The new commander of the Palestinian police attempted to reassure Israelis yesterday.
"I do not believe that Palestinians will attack Jewish settlements," said Cmdr. Nasser Youssef.
Palestinians offered up an out pouring of joy yesterday, rare in the grim warrens of the Gaza Strip. Thousands stood outside the army post, just watching the uniformed soldiers with their automatic rifles.
A drum kept up an excited beat,accompanied by cheering whistles of Palestinian men and the distinctive trilling of women. That chorus was split regularly by the crackle of gunfire, shots fired in celebration by Palestinian faction members saluting the new police with guns still considered illegal by Israel.
The new autonomy
A bulldozer nosed through the crowd and began shoving aside the yard-square concrete security blocks that had long blocked traffic in front of the Deir al-Balah army post.
One old man frantically directed the bulldozer, seeming feverish to complete the task.
"I cannot tell you how I feel. My heart is weak and it would burst," he said, tears coming to his eyes.
Inside the compound, Ali Abu-Shamla, 38, seemed incongruous, dressed in a starched-white naval officer's uniform. He spent 19 years in exiled Palestinian navies in North Korea and Yemen, and had just come from Cairo, Egypt, to form the Palestinian Coastal Police, he said.
He will recruit 800 sailors to patrol the Mediterranean coast off the Gaza Strip to try to curb smuggling, he said. They do not have the eight patrol boats yet, he said, but "we will buy them."

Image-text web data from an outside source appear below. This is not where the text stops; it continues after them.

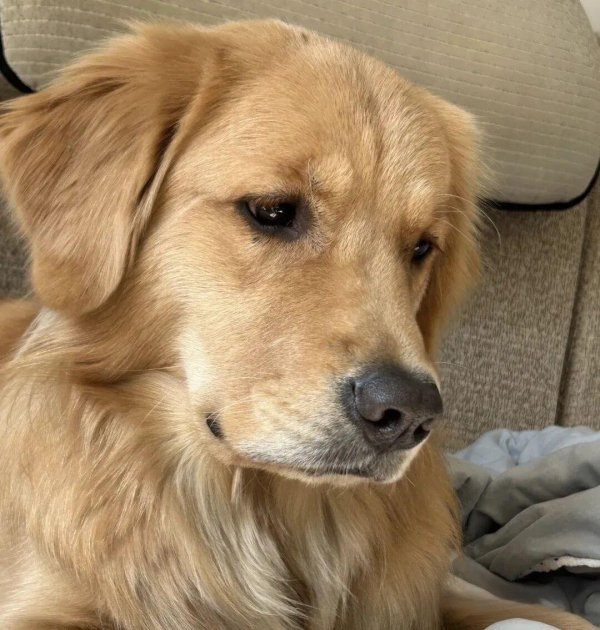 万通配资 为什么狗总喜欢叹气？原来背后有这5个原因！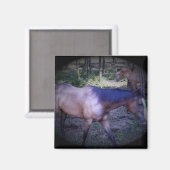 Cheval 2 aimant (Recto/Verso)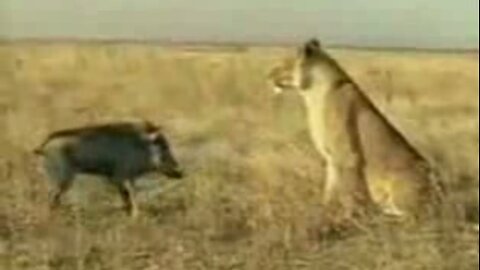 Hunting fail - african boar vs lion - low resolution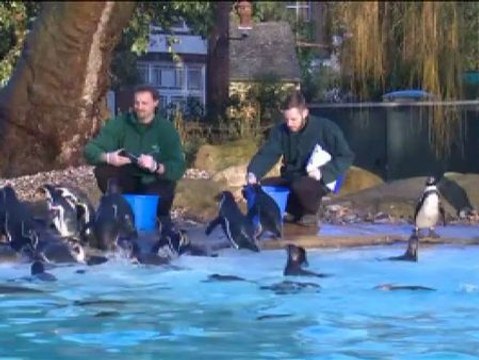 Toca recuento en el zoo de Londres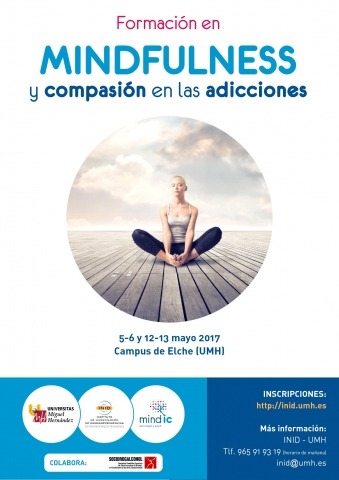 Curso de Perfeccionamiento. MINDFULNESS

He left the West Bank in 1975 to join the Palestinian forces because "each people has a right to liberate his country, just like you fought against the English in 1776," he said.
"Now [the fighting] is finished," he said. "Now, by negotiations, we have achieved our aim. If peace will give us back our country, that is what we wanted."
The new Palestinian authority must overcome opposition from many Palestinians who believe that the accord with Israel falls far short of that goal. Palestinians will be allowed a measure of autonomy, but with many Israeli controls, and Jewish settlers will remain in the West Bank and Gaza Strip.
"Our problems are not finished," grumbled Mohammed Nali Abu-Samri, 45, as he watched the jubilant crowd. He spent 15 years in prison under Israeli rule, he said, and "we won't have peace until all the Israelis are out."
But for policeman Fayeh Abu-Aweymer, yesterday was an emotional homecoming. He had left the Gaza Strip at age 34 during the 1967Six Day War, when Israel swept out of its narrow borders into Egypt, Syria and Jordan.
He had been all over the Middle East with the Palestine Liberation Army, he said, and returned for the first time yesterday.
Our God is very kind'
He seemed unable to take it all in as he walked outside the post yesterday morning and sat on a chair outside a shop, surrounded by boys admiring him.
"I never gave up hope," he said. "Our God is very kind that after all these years he has allowed me to sit here again in my homeland."
More Palestinian policemen were expected to cross the Egyptian border to join the contingent of 150 who arrived about 3 a.m. yesterday.
Six police officers crossed the Allenby Bridge from Jordan yesterday to inspect the facilities in Jericho. About 300 Palestinian soldiers are camped on that border, hoping to arrive in Jericho today.
The inspection tour prompted celebrations in Jericho, but the Israeli army tried to disperse the crowd and close commercial establishments. In the ensuing clash, soldiers forcibly removed several journalists, dragging one for more than 20 yards, according to Israeli army radio.
Unlike in the Gaza Strip, army commanders in Jericho have attempted unsuccessfully to close the town to journalists in recent days, a decision that army spokesmen have been unable to explain.